Saadet Partisi Genel Lideri Karamollaoğlu, “geçmişte vazifesi başındaki generallere yazdıkları mektupta, ‘gelişmeler tasa verici, iktidarı uyarın’ diyerek fiilen darbe daveti yapanların, bugün birtakım emekli generaller tarafından hazırlanan bildiriye verdikleri reaksiyonun, kendilerini derinden düşündürdüğünü” lisana getirdi. Karamollaoğlu, şöyle devam etti:
“Türkiye’de demokrasiyi rafa kaldıranların, Türkiye Büyük Millet Meclisi’nin fonksiyonelliğini yok edenlerin, fikir özgürlüğüne darbe vuranların, sokak ortasında gazetecilerin, siyasalların linç edildiği bir ortamın sorumlusu olanların, tek adam rejimini tesis edenlerin, ‘demokrasi’ diye bir kaygısı olduğuna inanamıyoruz. Demokrasi, bu ülkede birileri için adeta acıkınca yenilen bir helvadan put haline gelmiştir. Bu sebeple de işlerine geldiğinde demokrasi, işlerine gelmediğinde ise baskı ve tahakküm anlayışı tezahür etmektedir.”
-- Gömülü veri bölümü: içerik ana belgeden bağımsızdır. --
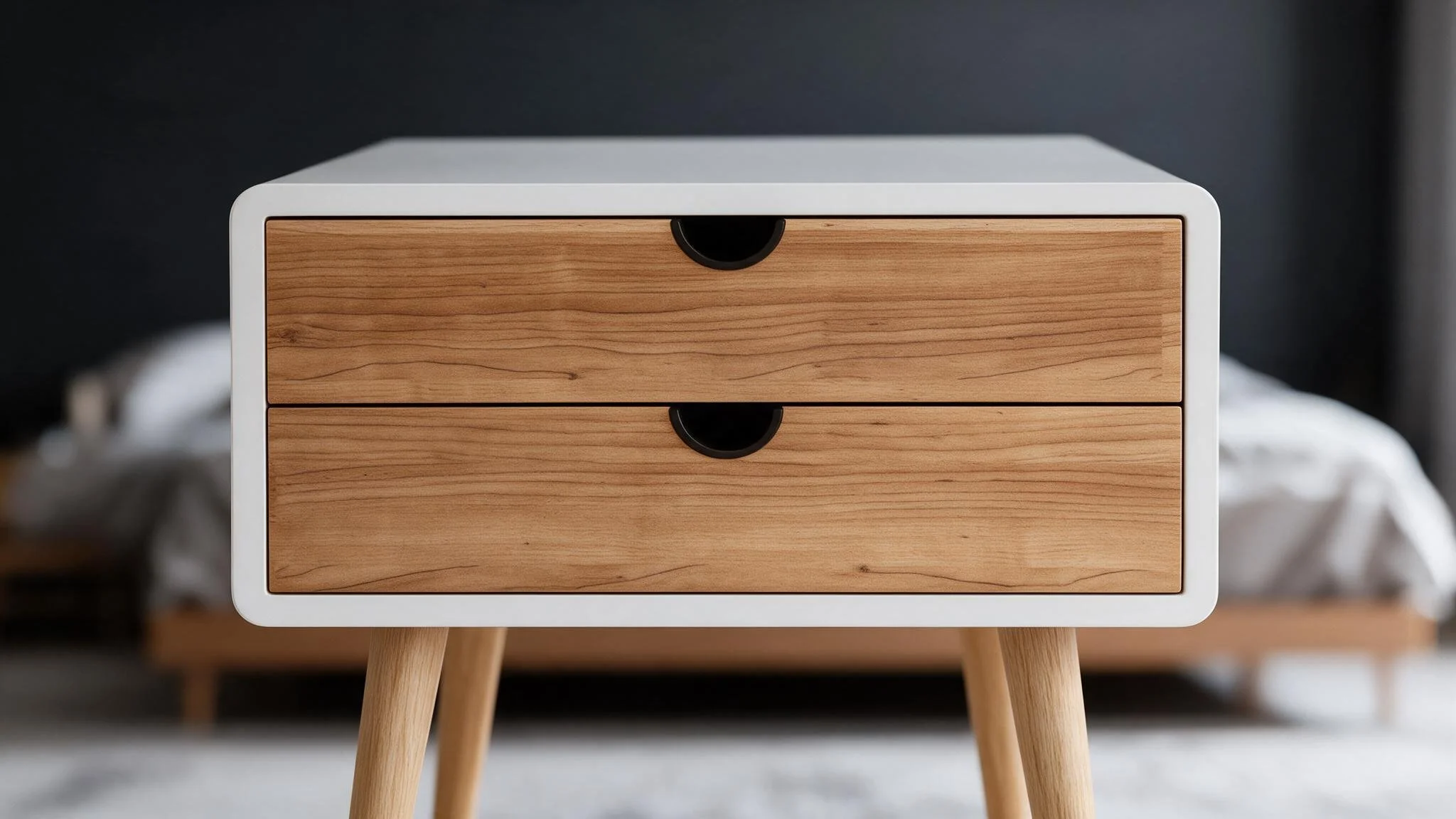 White Lacquer Bedside Table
Karamollaoğlu, “Milli Görüş Hareketi” olarak darbelerden ve darbeci vesayetten, milletle birlikte en çok ezayı kendilerinin çektiğini, 15 Temmuz gecesi tankların karşısında durdukları üzere, bundan sonra da bu türlü bir zihniyetin her daim karşısında duracaklarını vurguladı.
“Devlet bir aylık fitre bedelini vatandaşa yardım olarak versin”
“Bugün içinde bulunduğumuz, bildiri krizi değil, ekonomik krizdir, geçim kaygısıyla ilgili krizdir.” diyen Karamollaoğlu, iktidara, “devlet olarak bir aylık fitre bedelini vatandaşa yardım olarak vermesi” davetinde bulundu. Temel Karamollaoğlu, şunları kaydetti:
“Diyanetin belirlediği fitre ölçüsü bir kişi için 28 lira, ayda 840 lira eder. Ramazan ayında herkese bu 840 lira fitre bedelinin karşılığını ödeyin. Bir konutta iki kişi yaşıyorsa 1680 lira, 3 şahıssa 2 bin 520 lira, dört ve daha fazlasıysa buna nazaran hesap edilebilir. Bunu iktidar olarak yapabilirseniz, bu o kadar da güç değil, 83 milyonun en azından ramazan ayını dertsiz geçirmesine, karnını doyurmasına vesile olursunuz.”